Comment les élèves peuvent-ils penser l’espace qu’ils habitent ? Trois enseignants du lycée J Prévert de Boulogne Billancourt ont fait réaliser par trois classes de seconde une carte sensible de la ville mêlant perception auditive, mémoire de l’espace, cartographie des sentiments et des perceptions. Une réalisation « tranquille » qui apprend sur le fonctionnement urbain mais qui donne aussi des clés citoyennes aux lycéens. Ariane Jourdan, une des enseignantes qui ont mené cette expérience, revient sur cette démarche.

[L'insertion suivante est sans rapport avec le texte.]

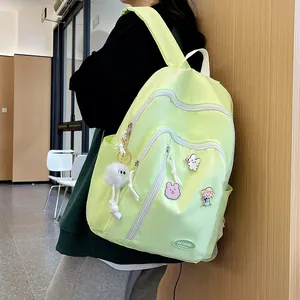 Grand sac à dos de voyage en nylon vert fluo avec porte-clés peluche et badges mignons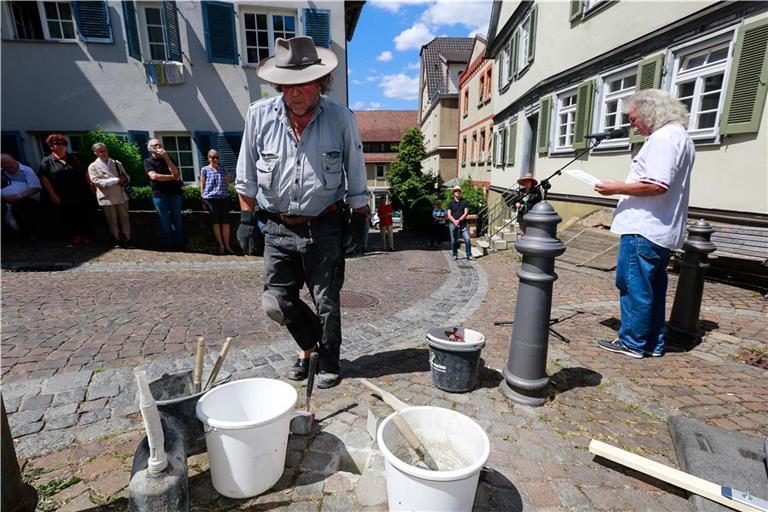 Der Weissacher Bernd Hecktor (rechts) war die treibende Kraft der Stolperstein-Initiative in Backnang. Zur Verlegung der Steine kam Künstler Gunter Demnig (vorne) mehrfach zu Besuch. Archivfoto: Alexander Becher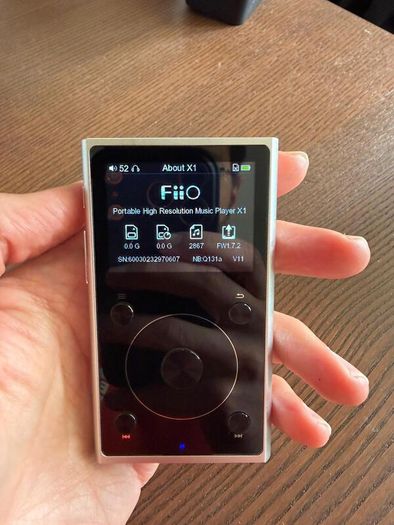FiiO X1 2nd Gen (FX1221) High-Res Digital Audio Player + Protective Case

De décembre 2014 à mars 2015, trois classes de seconde du lycée J Prévert de Boulogne Billancourt, ont été invitées à représenter leur espace vécu. Le principe de l’exercice était d’obtenir une cartographie de l’affectif projeté sur le territoire, ici plus ou moins bien connu. Ainsi, les sensations auditives, olfactives ou visuelles, les sentiments d’attachement ou de rejet, les habitudes et les incertitudes ont été transformés en figurés cartographiques. Réalisé à l’occasion d’un colloque sur la Seine et son environnement, l’exercice a donné lieu à une réflexion assez extraordinaire des jeunes sur leur ville. Ariane Jourdan a fait travailler sa classe de seconde dans ce projet mené avec ses collègues Elisa Capdevila et Emmanuel Lemée. Elle revient sur cette expérience.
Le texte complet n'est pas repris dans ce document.